Task prompt: Among the records below, find the line with "Блокнот VGR А5 у клітинку 96 аркушів VR22228" and the line with "Victorinox 5.4230.25 Slicer". Set down both and every line between, exactly and with no pictures, but nothing else.

Available records:
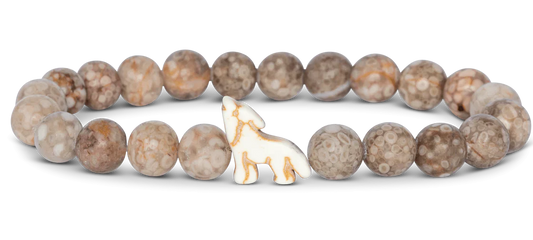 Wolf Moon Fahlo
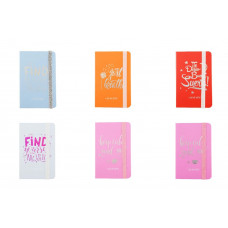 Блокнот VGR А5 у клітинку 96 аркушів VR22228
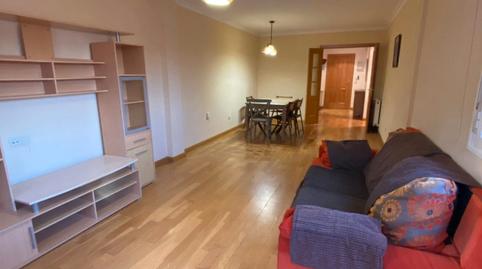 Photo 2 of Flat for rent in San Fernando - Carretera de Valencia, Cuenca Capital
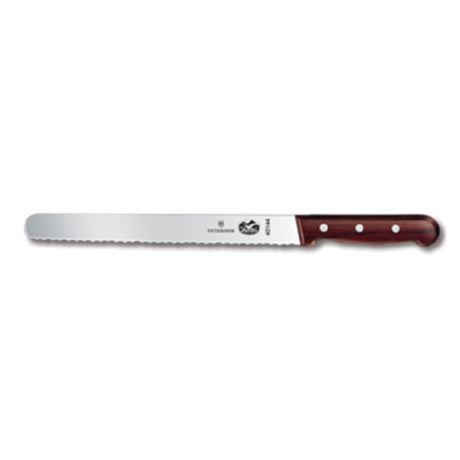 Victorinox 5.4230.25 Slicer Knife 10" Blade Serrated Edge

...

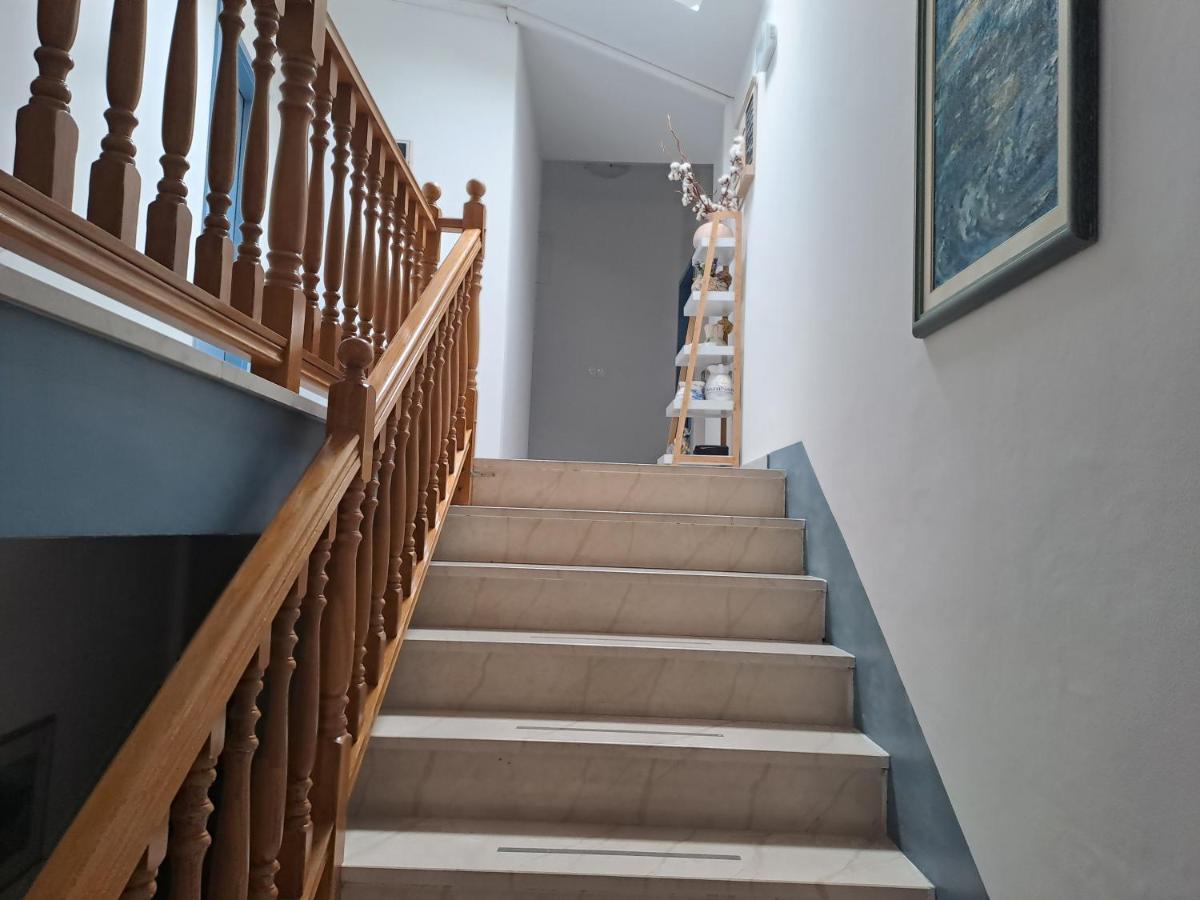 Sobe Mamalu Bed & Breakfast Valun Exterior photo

Exercise solution:
 Блокнот VGR А5 у клітинку 96 аркушів VR22228
 Photo 2 of Flat for rent in San Fernando - Carretera de Valencia, Cuenca Capital
 Victorinox 5.4230.25 Slicer Knife 10" Blade Serrated Edge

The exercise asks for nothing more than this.